Dudenhöffer also doubts that the Chinese co-operation will be the answer to Saab’s dilemma.

“I don’t know if they have the ability to give Saab a cash injection. But even if they can, sums like €50 million won’t suffice to turn Saab around,” he said.

And the latest developments in the Saab saga imply that things have reached rock bottom, according to experts.

“The very last thing that a company in crisis stop paying are taxes and salaries,” said Peter Törngren, who acted as a liquidator to Saab last year.

But as he no longer has any special insight in the automaker’s finances, Törngren can’t say how close to the brink the company really is.

On Thursday Saab's main union IF Metall called on the government to intervene, saying Thursday's announcement was "the worst case scenario for our members in

Trollhättan".

But minister for enterprise Maud Olofsson reiterated that the government would not step in to finance help for the beleaguered automaker.

"It is Saab which has the responsibility and must find the financial solution," she said.

Prime Minister Fredrik Reinfeldt meanwhile said he sympathised with Saab

employees, who received the news at the eve of Midsummer weekend, one of Sweden's most celebrated holidays.

Saab's owner and leadership must "answer how to make Saab profitable so

that it can survive," he said, stressing the Swedish government had been supportive when it came to development opportunities and making loan structures possible.

TT/The Local/rm (news@thelocal.se)

Don't miss...X
Left Right

Your comments about this article

16:40 June 23, 2011 by millionmileman
Dear Swedish Government,

Saab is not asking for endless welfare just enough to kick-start the factory to so the cars that people have been ordered can be produced.
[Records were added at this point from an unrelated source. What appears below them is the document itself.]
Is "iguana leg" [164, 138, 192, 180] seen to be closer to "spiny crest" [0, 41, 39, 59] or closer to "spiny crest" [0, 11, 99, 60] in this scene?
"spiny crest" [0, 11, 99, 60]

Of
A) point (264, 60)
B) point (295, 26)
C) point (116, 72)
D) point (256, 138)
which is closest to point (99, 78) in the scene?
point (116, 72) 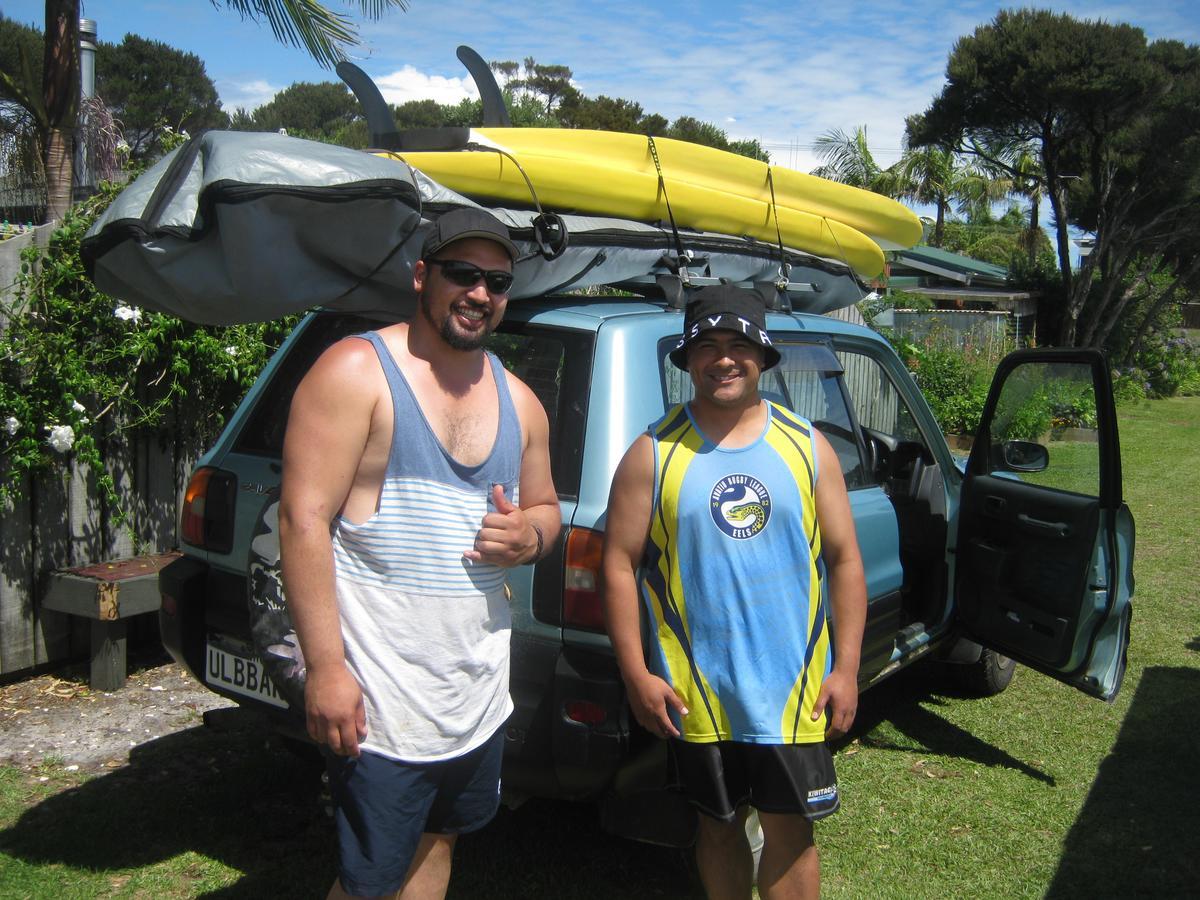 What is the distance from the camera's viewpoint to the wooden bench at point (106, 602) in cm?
457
Then the workers can spend their wages, keeping the Swedish economy going.

The alternative is skilled workers on welfare until they start running out of other peoples' Kronas. Other businesses will suffer and there you have the downward spiral that has gripped the US economy for the past 2 years. Americans are just not spending and that includes Swedish products.

What makes Sweden great is its innovative industries. This is why Israel's (with a similar population) economy has not been affected by the Great Recession. The Government got out of the business of regulating and holding back, allowing them to flourish with a stellar GNP.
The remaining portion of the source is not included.